WO2010068108A1 - Droplet break up device - Google Patents

Abstract

The invention relates to droplet break up device, comprising: a chamber arranged to receive a pressurized abrasive liquid; a nozzle, communicatively coupled to said chamber for ejecting a fluid jet; and a break up mechanism for breaking up the fluid jet jetted out of the nozzle; further comprising a revolving nozzle holder holding the nozzle, so as to rotate the nozzle along an axis transversal to the machining area. The break up mechanism comprises is formed by a stationary chamber wall side opposite the nozzle holder, the stationary chamber wall side comprising a plurality of surface deformations shaped to provide a pressure pulse near the nozzle so as to break up the fluid jet ejected from the nozzle into droplets.

Description

DROPLET BREAK UP DEVICE

The invention relates to a droplet break up device.

It is known to form curved optical surfaces in optical materials, such as quartz or glass, by means of fluid jet polishing (FJP).

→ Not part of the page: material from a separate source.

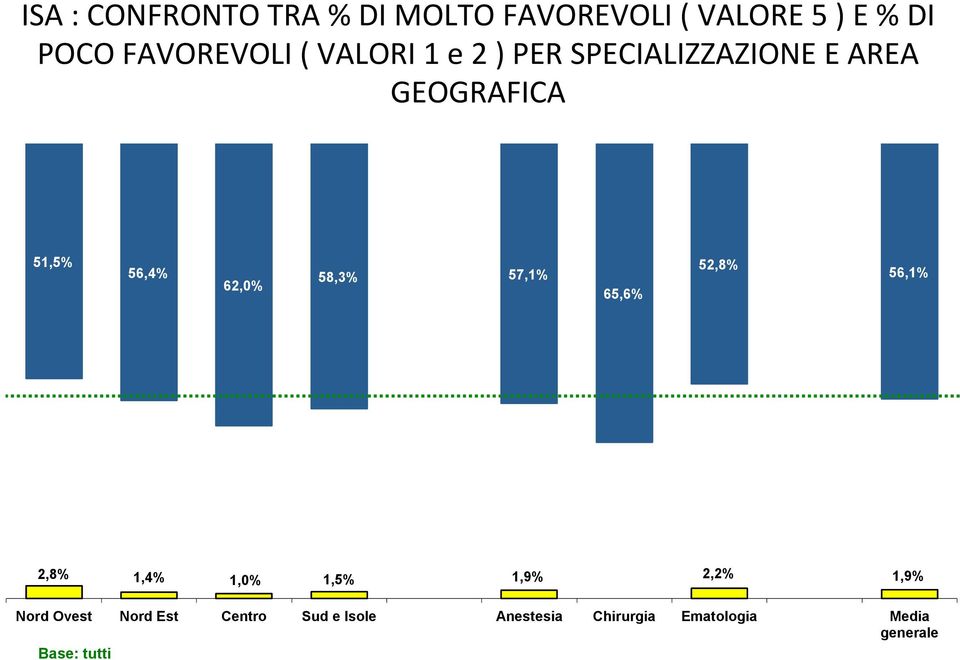 58,3% 57,1% 65,6% 52,8% 56,1% 2,8% 1,4% 1,0% 1,5% 1,9% 2,2% 1,9% Nord Ovest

WO9926764 discloses a technique wherein an abrasive liquid is sprayed onto the workpiece, via a nozzle. "Abrasive liquid" is in this context intended to mean a liquid which can be used to grind a surface to a relatively high roughness or to polish it to a lower roughness. WO992674 further discloses that the abrasive liquid provides controlled working of the surface of the workpiece, in particular, at relatively low pressures, such as 50 bar or lower. The abrasive liquid, which preferably contains abrasive particles, has a relatively low velocity at these low pressures, so that material is removed in a controlled manner. In one embodiment, abrasive liquid used is water containing 10 vol% silicon carbide particles with a size of approx. 20 micrometer as the abrasive, to polish a surface of BK7 In addition, it is known to provide a device for cutting glass using a high-speed jet of liquid in the order of magnitude of 2000 bar.

Fluid jet polishing results in nice polishing properties since the machining area can be very small, and a beam profile of the jet, due to the randomness of the polishing process, provides smooth transitions outside machining areas. In this context, a "machining area" is the part of a surface of an object where the fluid jet actively impacts the object. Furthermore, the technique is suitable to follow substantial inclinations of the surface to be machined, such as sharp corners and steep slopes.

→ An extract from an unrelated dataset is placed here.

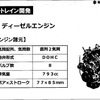 ディーゼルエンジン説明資料2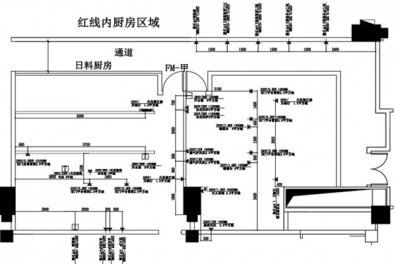 食堂ky登录电气怎么设计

However, a desire exists to further decrease the surface roughness due to the polishing operation. To that end, the invention provides a method for machining a workpiece surface, in which a machining area of the workpiece surface is machined under the influence of a polishing operation; the method comprising providing a fluid jet of abrasive liquid for impacting the machining area, wherein the fluid jet is arranged to break up in droplets prior to impacting the machining area.

A non limiting explanation why this may provide improved polishing results is, that in a constitution with a fluid jet that is broken up in droplets prior to impacting the machining area, the abrasive particles are better surrounded by the fluid in the droplets, due to the surface tension properties of the droplets, than in a constitution with the fluid jet in a continuous jet form, which is a jet of fluid moving as a continuous elongate fluid volume, which is not broken up in smaller droplets prior to impacting the machining area. In the latter constitution, due to turbulent air mixing with the fluid jet, the abrasive particles impact the surface with too high force and may affect the polishing result. Further advantageous embodiments of the invention are represented in the subclaims.

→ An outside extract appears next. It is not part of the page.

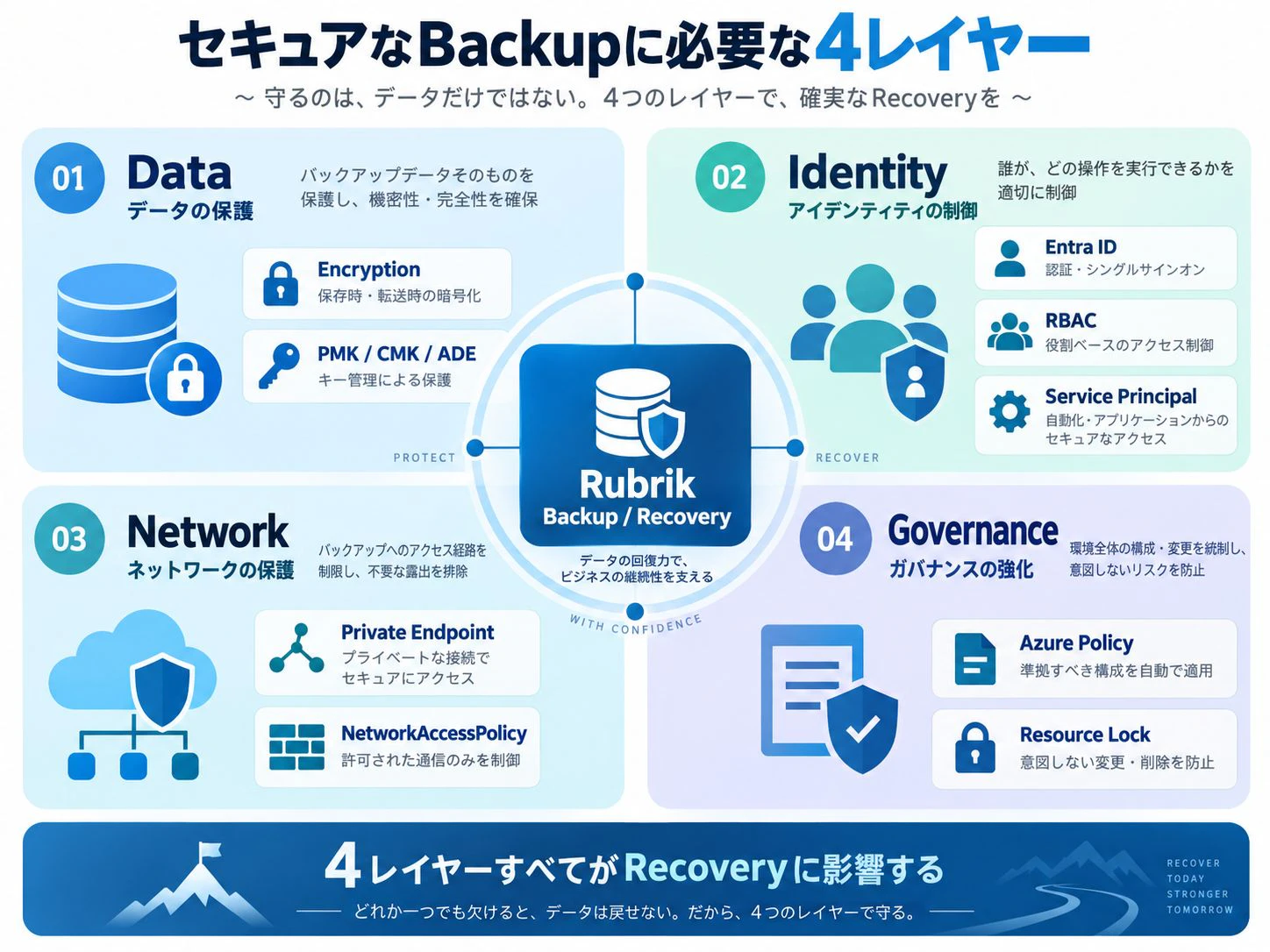 azure-rubrick4-4.jpg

The invention will now be further elucidated with reference to an exemplary embodiment represented in a drawing. In the drawing:

Figure 1 shows a schematic perspective view of a machining apparatus according to the invention; and Figure 2 shows a schematic side view of the tooling setup of Fig. 1

Figure 3 shows a schematic impression of a chamber wall of Figure 2; and

Figure 4 shows another schematic impression of the chamber wall of Figure 2.

With reference to Figure 1, a machining apparatus 1 is shown having a polishing tool designed as a fluid jet-polishing device 2, in this example, rotatably mounted. The axis of rotation is transversal, preferably perpendicular to the machining surface 7, i.e. preferably parallel to a normal direction of the surface. The machining apparatus 1 further comprises a workpiece table 4 on which a workpiece 5 of e.g. BK7 is clamped which can be machined with the aid of a jet of polishing liquid 6 leaving a nozzle 3 of the fluid jet polishing device 2. The polishing fluid comprises, for instance, a slurry of 90 volume percent water and 10 volume percent of silicon carbide particles, each with a diameter of approximately 5 μm, which, via a spout nozzle with a cylindrical diameter of approximately 1.5 millimetre and a length of approximately 15 to 22 millimetres is spouted, at a pressure of approximately 5 bar, from a distance of approximately 3 cm at an acute angle onto the work piece 5, so that a substantially round area to be machined 7 is formed in the work piece surface 8. The workpiece table 4 and the fluid jet device 2 are disposed so as to be movable relative to each other with the aid of a table and/or nozzle control mechanism (not shown) which is numerically controlled by a central processing unit 9, so that the area to be machined 7 can be displaced over the workpiece surface 8. Further, the central processing unit 9 may be coupled to a measurement device (not shown) for measuring polishing progress.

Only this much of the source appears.